Ataulfo Alves, o poeta do samba

Eu era feliz e não sabia. Este verso cantado em Meu Pequenino Miraí expressa toda a grandeza poética de Ataulfo Alves de Souza, um dos maiores compositores da música popular brasileira. Nascido na Fazenda Cachoeira, zona rural de Miraí, em 2 de maio de 1909, era um dos sete filhos de "capitão" Severino de Souza, repentista, violeiro e sanfoneiro famoso na região, e de Matilde Rita de Jesus. Aos 8 anos de idade, Ataulfo já fazia versos para acompanhar os improvisos do pai, que morreu quando ele tinha dez anos de idade. Viúva, a mãe resolveu se mudar com os filhos para a cidade, vindo morar na Rua do Buraco (hoje Ataulfo Alves) nº 23. Ainda menino, começou a trabalhar para ajudar a mãe no sustento da casa. Foi leiteiro, condutor de bois, apanhador de malas na estação, menino de recados, carregador de marmitas, marceneiro, engraxate e plantador de café, arroz e milho. Mesmo trabalhando duro, continuou seus estudos no grupo escolar Dr. Justino Pereira. Deixou Miraí em 1927, com apenas 18 anos, indo para o Rio de Janeiro tentar melhores oportunidades. Partiu acompanhando o médico Afrânio Moreira de Resende, amigo de sua família, que estava de mudança para a capital federal, com mulher e filhos. Ataulfo passou a trabalhar de dia no consultório do dr. Afrânio, na Rua da Assembléia, centro do Rio, e de noite, fazia a limpeza geral da residência do médico. Depois de algum tempo, empregou-se na Farmácia e Drogaria do Povo (de Samuel Antunes), como limpador de vidros, e onde acabou aprendendo o ofício de prático de farmácia, conquistando a simpatia e a confiança do dono. Na época, morava no bairro do Rio Comprido, onde passou a freqüentar rodas de samba. Decidiu que a música era a sua vocação. Aprendeu a tocar violão, cavaquinho e bandolim e aos 20 anos começou a compor e se tornou diretor de harmonia do bloco Fale Quem Quiser. Finalmente, em 1933, Ataulfo consegue colocar sua composições em disco. O samba Sexta-Feira foi gravado por Almirante e Tempo Perdido pela diva Carmen Miranda, quem Ataulfo conhecera muito antes de ser famosa.

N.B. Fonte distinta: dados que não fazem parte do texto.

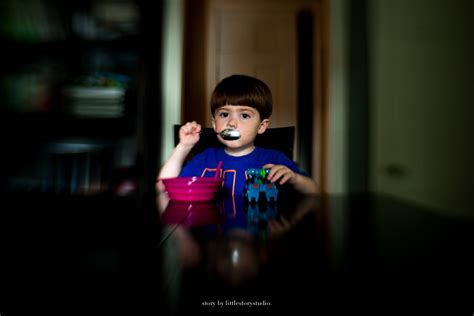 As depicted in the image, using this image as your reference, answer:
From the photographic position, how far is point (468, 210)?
1630mm

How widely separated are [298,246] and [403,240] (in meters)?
0.14

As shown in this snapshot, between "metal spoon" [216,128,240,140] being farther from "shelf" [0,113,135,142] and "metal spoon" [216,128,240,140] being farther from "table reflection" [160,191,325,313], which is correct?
"shelf" [0,113,135,142]

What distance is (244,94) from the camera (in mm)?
800

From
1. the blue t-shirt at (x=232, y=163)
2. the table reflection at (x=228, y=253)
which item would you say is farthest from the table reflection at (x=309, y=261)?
the blue t-shirt at (x=232, y=163)

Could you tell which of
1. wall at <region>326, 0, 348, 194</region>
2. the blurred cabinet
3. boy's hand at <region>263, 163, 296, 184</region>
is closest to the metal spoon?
boy's hand at <region>263, 163, 296, 184</region>

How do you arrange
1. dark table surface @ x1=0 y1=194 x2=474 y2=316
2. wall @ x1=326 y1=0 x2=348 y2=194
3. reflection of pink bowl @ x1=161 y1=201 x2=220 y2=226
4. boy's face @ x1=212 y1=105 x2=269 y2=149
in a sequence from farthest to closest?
1. wall @ x1=326 y1=0 x2=348 y2=194
2. boy's face @ x1=212 y1=105 x2=269 y2=149
3. reflection of pink bowl @ x1=161 y1=201 x2=220 y2=226
4. dark table surface @ x1=0 y1=194 x2=474 y2=316

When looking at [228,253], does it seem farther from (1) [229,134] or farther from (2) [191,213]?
(1) [229,134]

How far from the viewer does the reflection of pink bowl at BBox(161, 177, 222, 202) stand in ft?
2.15

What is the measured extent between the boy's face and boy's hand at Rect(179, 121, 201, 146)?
Result: 61 mm

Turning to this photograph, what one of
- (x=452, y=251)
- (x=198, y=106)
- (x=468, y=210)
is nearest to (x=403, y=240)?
(x=452, y=251)

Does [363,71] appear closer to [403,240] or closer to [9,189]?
[403,240]

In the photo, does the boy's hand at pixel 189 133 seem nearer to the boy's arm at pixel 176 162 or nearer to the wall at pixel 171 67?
the boy's arm at pixel 176 162

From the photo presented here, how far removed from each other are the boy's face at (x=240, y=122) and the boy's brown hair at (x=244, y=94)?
0.05 ft

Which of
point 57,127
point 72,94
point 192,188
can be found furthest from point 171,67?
point 192,188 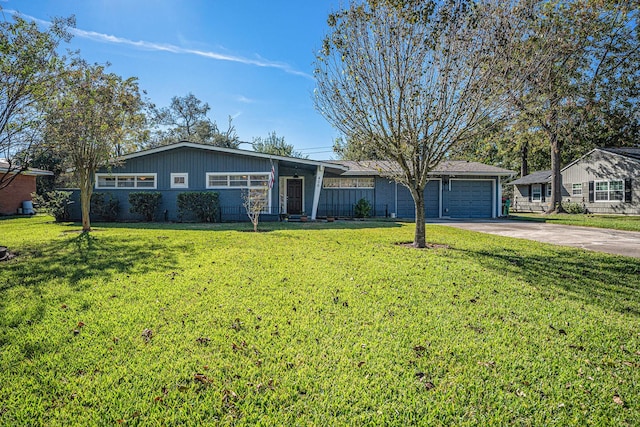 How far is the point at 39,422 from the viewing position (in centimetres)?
191

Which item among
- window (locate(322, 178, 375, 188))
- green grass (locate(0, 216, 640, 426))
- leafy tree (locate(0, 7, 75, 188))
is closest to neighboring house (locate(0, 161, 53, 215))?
leafy tree (locate(0, 7, 75, 188))

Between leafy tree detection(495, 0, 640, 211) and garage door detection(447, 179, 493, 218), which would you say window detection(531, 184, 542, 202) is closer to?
garage door detection(447, 179, 493, 218)

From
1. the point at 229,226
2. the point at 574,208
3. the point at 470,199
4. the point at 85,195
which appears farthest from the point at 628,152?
the point at 85,195

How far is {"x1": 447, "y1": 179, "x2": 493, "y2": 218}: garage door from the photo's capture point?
18.9 metres

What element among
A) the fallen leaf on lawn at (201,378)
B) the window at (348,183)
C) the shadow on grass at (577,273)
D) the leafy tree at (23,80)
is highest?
the leafy tree at (23,80)

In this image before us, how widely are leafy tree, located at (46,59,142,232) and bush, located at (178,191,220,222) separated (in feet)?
11.8

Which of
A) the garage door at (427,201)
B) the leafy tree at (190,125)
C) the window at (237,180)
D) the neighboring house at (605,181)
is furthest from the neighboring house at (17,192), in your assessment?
the neighboring house at (605,181)

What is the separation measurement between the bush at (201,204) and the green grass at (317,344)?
8571mm

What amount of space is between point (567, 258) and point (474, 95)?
3.73 metres

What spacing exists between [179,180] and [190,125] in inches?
1026

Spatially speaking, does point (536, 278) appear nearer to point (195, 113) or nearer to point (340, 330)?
point (340, 330)

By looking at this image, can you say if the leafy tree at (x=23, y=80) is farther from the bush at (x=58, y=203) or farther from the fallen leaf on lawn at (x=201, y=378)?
the bush at (x=58, y=203)

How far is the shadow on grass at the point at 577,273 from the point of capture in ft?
13.9

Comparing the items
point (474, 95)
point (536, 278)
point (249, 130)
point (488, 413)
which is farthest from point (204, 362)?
Result: point (249, 130)
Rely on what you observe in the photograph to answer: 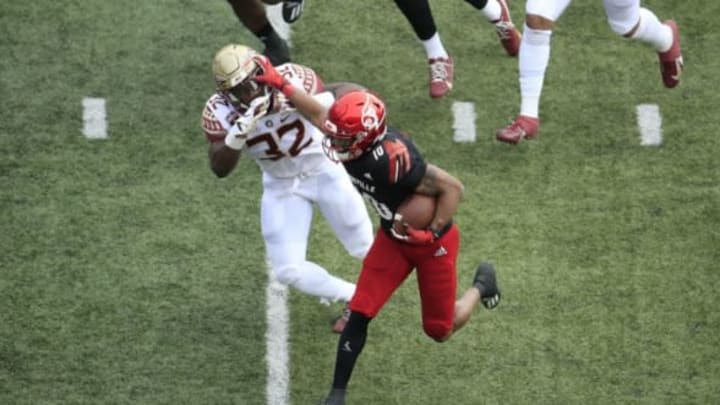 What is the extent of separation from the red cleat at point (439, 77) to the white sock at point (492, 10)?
0.35 metres

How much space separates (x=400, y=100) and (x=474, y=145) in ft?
1.74

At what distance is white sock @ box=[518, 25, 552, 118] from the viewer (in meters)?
8.16

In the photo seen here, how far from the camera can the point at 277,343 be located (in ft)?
24.1

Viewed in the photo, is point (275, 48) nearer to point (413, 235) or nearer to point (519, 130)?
point (519, 130)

Mas foi só em 1935 que conseguiu seu primeiro sucesso com Saudade do meu barracão, gravado por Floriano Belham. Seu nome cresceu muito quando apareceram as gravações do samba Saudade dela, em 1936, por Silvio Caldas, e da valsa A você, em parceria com Aldo Cabral, e do samba Quanta tristeza, em parceria com André Filho, em 1937, gravada por Carlos Galhardo, que se tornaria um dos seus grandes divulgadores. Passou a compor com Bide, Claudionor Cruz, João Bastos Filho e Wilson Batista, com quem venceu os Carnavais de 1940 e 1941, com Oh!, seu Oscar e O Bonde de São Januário. Em 1938, Orlando Silva, outro grande interprete de suas musicas, gravou Errei, erramos. Em 1941, fez sua primeira experiência como intérprete, gravando seus sambas Leva, meu samba... e Alegria na casa de pobre, composição em parceria com Abel Neto. Em 1942 a situação financeira difícil e a hesitação dos cantores em gravar sua ultima composição fizeram com que ele próprio lançasse, para o carnaval do ano, Ai, que saudades da Amélia. Gravado com acompanhamento do grupo Academia do Samba e abertura de Jacó do Bandolim, o samba, feito a partir de três quadras apresentadas por Mário Lago para serem musicadas, resultou em grande sucesso popular. Juntos fizeram ainda Atire a primeira pedra, para o carnaval de 1944, e em 1945 lançaram Capacho e Pra que mais felicidade.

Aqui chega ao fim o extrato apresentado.